Русалка Лайма
- Вот оно «Нечто»,- улыбнулся своим мыслям художник. Так радостно и тепло стало у него на душе.
Барышня в белом окинула взглядом пляж, заметив пустой лежак, двинулась к нему. Быстро скинула одежду, не церемонясь с ней, бросила на лежак. Достала из сумки ласты, маску и пошла к морю. Очень ловко, словно это было привычным делом, сунула ножки в ласты и, повернувшись спиной к морю, стала медленно удаляться от берега и скоро вовсе исчезла из виду.
Художник отложил свой карандаш, подошел к воде и стал прохаживаться вдоль морского берега, то и дело поглядывая вдаль, где исчезла прекрасная незнакомка. Заметив ее шлепки, такие же белые, как и все, что на ней было из одежды, он уселся рядом с ними на камни и взгляд его поплыл по морским волнам, выискивая пловчиху. Прошло почти два часа, а ее все не было видно. Художник разволновался не на шутку, уже готов был поднять тревогу и броситься в пучину искать ее, как вдруг совсем неожиданно она появилась прямо из волн. Художник от удивления замер.

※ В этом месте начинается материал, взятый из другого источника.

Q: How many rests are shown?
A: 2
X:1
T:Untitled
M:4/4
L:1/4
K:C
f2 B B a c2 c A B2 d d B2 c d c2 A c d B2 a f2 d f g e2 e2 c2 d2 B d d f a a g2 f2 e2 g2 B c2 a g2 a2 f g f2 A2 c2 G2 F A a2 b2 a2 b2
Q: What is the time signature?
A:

- Как морская фея,- подумал он и заулыбался. Незнакомка скинула ласты, сняла маску, нагнулась, взяла свои шлепки, даже не посмотрев в его сторону, направилась к своему лежаку. Ее движения были изящны и легки, усталости от плавания в море почти два часа на ее лице не чувствовалось, наоборот, оно стало свежим и еще более красивым. Художник восторженно провожал ее взглядом, когда крик вернул его на землю. Кричал невысокий мужичок, который бежал по пляжу вслед за верблюдом. Верблюд, смешно взбрыкивая длинными ногами, несся прямо на незнакомку, не ведающую, что происходит за ее спиной. Художник бросился наперевес, верблюду, еще не понимая, как он его остановит и тоже начал кричать и махать руками незнакомке.
Она оглянулась в самый последний момент. Когда верблюд почти настиг ее. Народ на пляже замер от ужаса. Незнакомка резко остановилась, в следующую секунду выбросила вперед руку и, в упор глядя на верблюда, громко сказала фразу, нелепее которой художник никогда в своей жизни не слышал: - Мы с тобой одной крови, ты и я, и я тебя люблю!

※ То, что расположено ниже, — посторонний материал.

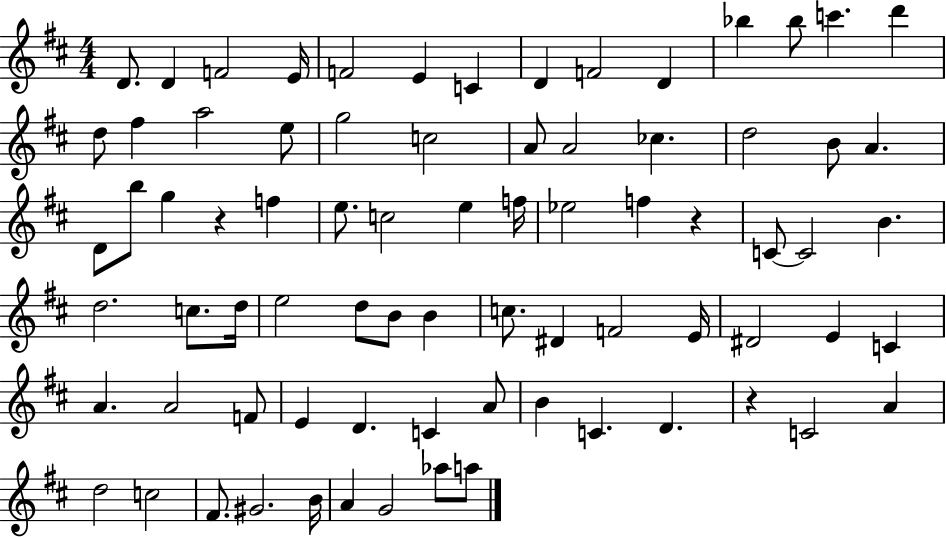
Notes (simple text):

D4/e. D4/q F4/h E4/s F4/h E4/q C4/q D4/q F4/h D4/q Bb5/q Bb5/e C6/q. D6/q D5/e F#5/q A5/h E5/e G5/h C5/h A4/e A4/h CES5/q. D5/h B4/e A4/q. D4/e B5/e G5/q R/q F5/q E5/e. C5/h E5/q F5/s Eb5/h F5/q R/q C4/e C4/h B4/q. D5/h. C5/e. D5/s E5/h D5/e B4/e B4/q C5/e. D#4/q F4/h E4/s D#4/h E4/q C4/q A4/q. A4/h F4/e E4/q D4/q. C4/q A4/e B4/q C4/q. D4/q. R/q C4/h A4/q D5/h C5/h F#4/e. G#4/h. B4/s A4/q G4/h Ab5/e A5/e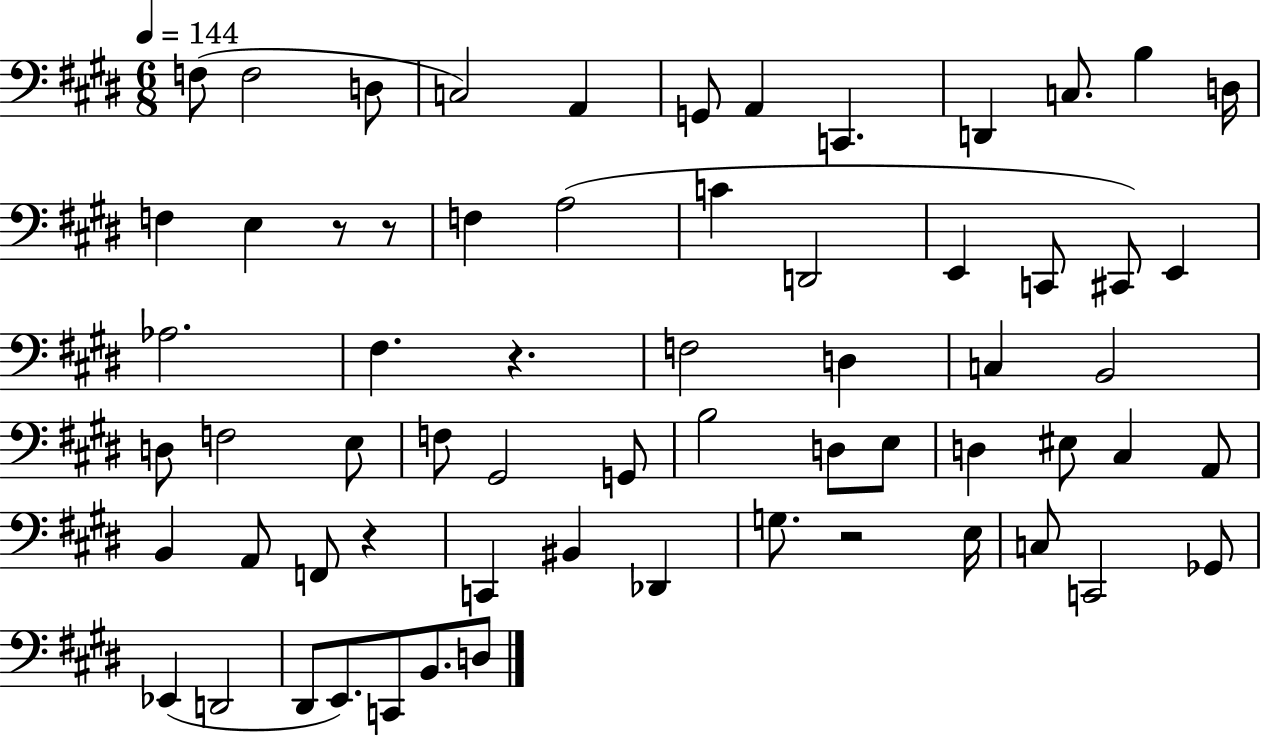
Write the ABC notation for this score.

X:1
T:Untitled
M:6/8
L:1/4
K:E
F,/2 F,2 D,/2 C,2 A,, G,,/2 A,, C,, D,, C,/2 B, D,/4 F, E, z/2 z/2 F, A,2 C D,,2 E,, C,,/2 ^C,,/2 E,, _A,2 ^F, z F,2 D, C, B,,2 D,/2 F,2 E,/2 F,/2 ^G,,2 G,,/2 B,2 D,/2 E,/2 D, ^E,/2 ^C, A,,/2 B,, A,,/2 F,,/2 z C,, ^B,, _D,, G,/2 z2 E,/4 C,/2 C,,2 _G,,/2 _E,, D,,2 ^D,,/2 E,,/2 C,,/2 B,,/2 D,/2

О чудо! Верблюд встал в сантиметре от нее, как вкопанный. Когда подбежал погонщик, незнакомка одной рукой уже гладила верблюда, а второй рукой придерживала его за уздечку, приговаривая: - ты что же так разбушевался, дурачок, обидели тебя? Славный какой, не бойся, все хорошо, - и передала уздечку погонщику со словами,- не бейте его, со мной все в порядке. Люди плотным кольцом обступили их, выражая кто восторг, кто ужас, кто ругань в адрес погонщика и верблюда.
С этого дня незнакомку знали все, но на этом чудеса не закончились. Однажды расплакался на пляже двухлетний ребенок, причем никто никак не мог его успокоить. Он не мог объяснить, что у него болит, и только надрывно плакал. Появилась, как обычно, с ластами в конце аллеи прекрасная незнакомка. Услышав плач малыша, она прямиком направилась к нему. Молча взяла его на руки и тихонько прижала его голову к своей груди, ласково приговаривая: - у самого синего моря живет маленький крабик, он просил тебя ему помочь построить замок, где он будет жить, а мы с тобой будем ходить к нему в гости. Пойдем, поможем крабику? Слезы моментально высохли на бледном личике, глаза изумленно распахнулись и он радостно закивал головой в знак согласия. Лайма, так звали незнакомку, опустила малыша на песок, взяла его горячую ладошку и повела к морю, приглашая пойти вместе с ними и родителей малыша. Все дружно принялись из камушков строить замок, вокруг них собрались дети, каждый вносил свою лепту, работа кипела. Художник наблюдал за всем этим с нескрываемым восторгом. Он вдруг понял, что с появлением этой чудесной женщины в его жизнь вторглось необычное ощущение тепла и добра, он лихорадочно рисовал ее в окружении детей, на фоне волн, сидящей на берегу, плавающей, отдыхающей на лежаке. Такого вдохновения он давно не ощущал, рисовалось так, будто пелась песня- песня души. - В ней столько шарма, столько магнетизма, - думал художник, - с ума просто можно сойти.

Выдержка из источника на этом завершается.